Ravelstein had come to agree that it was important to note how people looked. Their ideas are not enough-their theoretical convictions and political views. If you don't take into account their haircuts, the hang of their pants, their taste in skirts and blouses, their style of driving a car or eating a dinner, your knowledge is in complete.

"One of your best pieces, Chick, is the one about Khrushchev at the UN pulling off his shoe and banging it on the table. And almost as good is your sketch of Bobby Kennedy, when he was the Senator from New York. He took you along on his Washington rounds, didn't he?"

"Yes. For one whole week…"

"Now that was one of your sketches that held my interest," said Ravelstein. "That his Senate office was like a shrine to his brother-a huge painting of Jack on the wall. And there was something savage about his mourning…."
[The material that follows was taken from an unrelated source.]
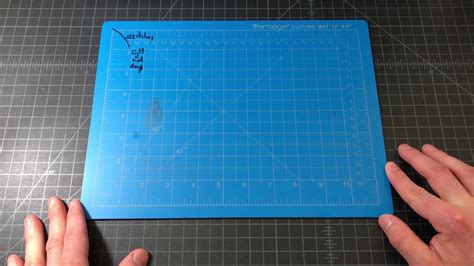 How Does A Cutting Mat Work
"Vengeful, was what I said."

"Lyndon Johnson was the enemy, wasn't he. They had gotten rid of him by making him vice president-a kind of errand boy. But then he was Jack's successor. And Bobby needed arms to retake the White House. Full of hate. They were very handsome men, both brothers. Bob was half the size of Jack," Ravelstein said, "but an alley fighter. Most amusing of all were those walks from the Senate office building to the Capitol. Those were wonderful questions he asked you-like, 'Tell me about Henry Adams.'

'Brief me on H. L. Mencken.' If he was going to be President, he thought he should know about Mencken."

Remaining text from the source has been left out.